It clarifies something that's always confused me about that scene, which is why Armand saves Daniel the first time. He wouldn't save Daniel as a person, he clearly knows Daniel needs to die, but he's not seeing Daniel as a person there. Daniel is just a substance. He rips him away from Louis to stop him from using.
And i think that adds a whole other layer to the fight he and Armand have to think that this is Louis on a bender, with Armand cleaning up after him because he's not stable enough to. Louis in the bed for a week isn't just healing from the burns, he's going through withdrawal. Him at the table with Daniel giving him the "bright young reporter" speech is probably the first time he's been sober in months.

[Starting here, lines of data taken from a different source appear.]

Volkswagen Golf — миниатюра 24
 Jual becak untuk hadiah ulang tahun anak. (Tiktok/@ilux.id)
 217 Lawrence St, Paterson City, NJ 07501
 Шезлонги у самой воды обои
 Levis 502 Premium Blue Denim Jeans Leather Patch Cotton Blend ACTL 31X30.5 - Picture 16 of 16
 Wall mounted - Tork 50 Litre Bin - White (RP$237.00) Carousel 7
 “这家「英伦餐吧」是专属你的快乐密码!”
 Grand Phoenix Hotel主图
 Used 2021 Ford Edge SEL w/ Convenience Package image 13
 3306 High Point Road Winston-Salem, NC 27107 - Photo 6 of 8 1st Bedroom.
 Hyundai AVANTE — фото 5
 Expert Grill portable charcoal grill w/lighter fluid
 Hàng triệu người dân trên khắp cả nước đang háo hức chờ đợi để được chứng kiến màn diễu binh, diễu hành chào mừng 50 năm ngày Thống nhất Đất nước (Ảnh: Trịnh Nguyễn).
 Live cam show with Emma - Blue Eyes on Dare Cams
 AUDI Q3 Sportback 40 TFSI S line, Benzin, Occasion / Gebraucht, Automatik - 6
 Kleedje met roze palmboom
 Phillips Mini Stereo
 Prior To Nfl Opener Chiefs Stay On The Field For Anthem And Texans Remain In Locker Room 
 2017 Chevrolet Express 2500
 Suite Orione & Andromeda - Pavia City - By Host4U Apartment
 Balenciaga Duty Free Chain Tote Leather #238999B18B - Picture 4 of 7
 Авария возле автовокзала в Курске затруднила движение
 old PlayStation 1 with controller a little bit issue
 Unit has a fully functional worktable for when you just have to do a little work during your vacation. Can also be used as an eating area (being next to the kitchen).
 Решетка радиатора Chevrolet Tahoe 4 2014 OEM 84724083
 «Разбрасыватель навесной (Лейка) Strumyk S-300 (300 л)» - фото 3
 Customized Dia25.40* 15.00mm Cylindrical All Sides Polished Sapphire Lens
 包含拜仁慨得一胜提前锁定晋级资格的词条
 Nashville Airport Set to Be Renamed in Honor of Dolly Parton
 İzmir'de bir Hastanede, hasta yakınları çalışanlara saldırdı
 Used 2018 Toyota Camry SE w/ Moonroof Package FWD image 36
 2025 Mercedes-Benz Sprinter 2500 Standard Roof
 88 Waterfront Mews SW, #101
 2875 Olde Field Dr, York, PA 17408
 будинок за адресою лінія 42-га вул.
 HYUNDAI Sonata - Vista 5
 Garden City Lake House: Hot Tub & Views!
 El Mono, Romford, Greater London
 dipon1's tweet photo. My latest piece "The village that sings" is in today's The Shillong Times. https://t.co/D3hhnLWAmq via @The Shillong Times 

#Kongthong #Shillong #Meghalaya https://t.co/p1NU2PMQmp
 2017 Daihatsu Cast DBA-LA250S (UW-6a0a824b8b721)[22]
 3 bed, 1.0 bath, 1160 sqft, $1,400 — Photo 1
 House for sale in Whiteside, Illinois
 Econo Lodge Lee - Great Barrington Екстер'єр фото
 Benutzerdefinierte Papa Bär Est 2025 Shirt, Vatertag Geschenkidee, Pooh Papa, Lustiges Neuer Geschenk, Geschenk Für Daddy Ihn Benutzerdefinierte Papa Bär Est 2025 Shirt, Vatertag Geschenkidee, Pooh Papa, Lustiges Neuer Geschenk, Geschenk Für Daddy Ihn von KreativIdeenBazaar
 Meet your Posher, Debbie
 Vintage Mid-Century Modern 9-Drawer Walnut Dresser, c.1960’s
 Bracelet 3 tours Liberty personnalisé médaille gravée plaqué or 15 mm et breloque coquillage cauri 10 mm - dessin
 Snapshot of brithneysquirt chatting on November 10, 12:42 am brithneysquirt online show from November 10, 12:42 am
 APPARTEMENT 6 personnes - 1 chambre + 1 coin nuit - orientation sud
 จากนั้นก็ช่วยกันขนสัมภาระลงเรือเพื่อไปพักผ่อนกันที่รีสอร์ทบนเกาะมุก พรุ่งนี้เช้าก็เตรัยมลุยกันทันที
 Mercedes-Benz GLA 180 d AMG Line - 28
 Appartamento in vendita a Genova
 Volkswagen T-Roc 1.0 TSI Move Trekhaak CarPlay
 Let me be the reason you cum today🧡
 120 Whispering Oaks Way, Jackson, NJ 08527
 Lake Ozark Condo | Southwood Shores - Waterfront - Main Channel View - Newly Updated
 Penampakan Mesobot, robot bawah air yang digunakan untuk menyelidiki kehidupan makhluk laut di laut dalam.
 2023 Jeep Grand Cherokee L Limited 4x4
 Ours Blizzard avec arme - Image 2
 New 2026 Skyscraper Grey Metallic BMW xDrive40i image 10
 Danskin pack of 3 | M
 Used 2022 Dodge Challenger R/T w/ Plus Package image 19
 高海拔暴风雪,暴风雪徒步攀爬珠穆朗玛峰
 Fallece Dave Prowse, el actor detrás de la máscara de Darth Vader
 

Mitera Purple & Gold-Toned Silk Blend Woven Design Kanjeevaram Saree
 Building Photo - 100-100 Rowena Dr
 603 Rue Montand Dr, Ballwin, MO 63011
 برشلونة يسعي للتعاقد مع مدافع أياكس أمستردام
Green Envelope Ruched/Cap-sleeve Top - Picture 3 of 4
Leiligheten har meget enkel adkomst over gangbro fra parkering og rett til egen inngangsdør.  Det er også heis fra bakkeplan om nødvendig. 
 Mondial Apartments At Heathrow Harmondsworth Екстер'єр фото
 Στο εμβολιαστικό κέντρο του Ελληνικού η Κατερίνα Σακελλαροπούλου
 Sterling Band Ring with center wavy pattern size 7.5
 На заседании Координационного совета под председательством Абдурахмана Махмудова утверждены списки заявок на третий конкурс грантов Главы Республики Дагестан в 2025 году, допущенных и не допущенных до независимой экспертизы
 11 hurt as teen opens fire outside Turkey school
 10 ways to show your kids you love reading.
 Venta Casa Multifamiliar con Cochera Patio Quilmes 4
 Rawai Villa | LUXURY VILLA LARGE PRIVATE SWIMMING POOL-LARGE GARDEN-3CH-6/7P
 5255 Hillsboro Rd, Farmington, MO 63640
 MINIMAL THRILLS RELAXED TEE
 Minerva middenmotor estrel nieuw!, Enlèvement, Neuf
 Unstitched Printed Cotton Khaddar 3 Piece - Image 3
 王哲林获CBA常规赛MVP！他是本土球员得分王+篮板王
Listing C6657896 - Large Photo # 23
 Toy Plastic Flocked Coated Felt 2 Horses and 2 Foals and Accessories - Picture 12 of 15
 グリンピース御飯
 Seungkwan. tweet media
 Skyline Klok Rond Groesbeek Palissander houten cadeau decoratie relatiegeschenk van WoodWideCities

It adds another layer to Armand's desperation, that Louis has been running from both Armand and himself in this way, and of course Armand wants to erase that memory. Of course he wants to pretend that that fight never happened. Not just to protect himself but in a way to protect Louis from having said those things. When he describes the fight to Louis afterwards, he says "you said the worst things you've ever said to me." And he doesn't really know how to forgive Louis for that so he just wants to bury this rock-bottom moment and move on like it never happened. After all, Louis was high, he didn't really mean it, but if he remembers then maybe he might think that he had a point. Better to wipe the whole experience away.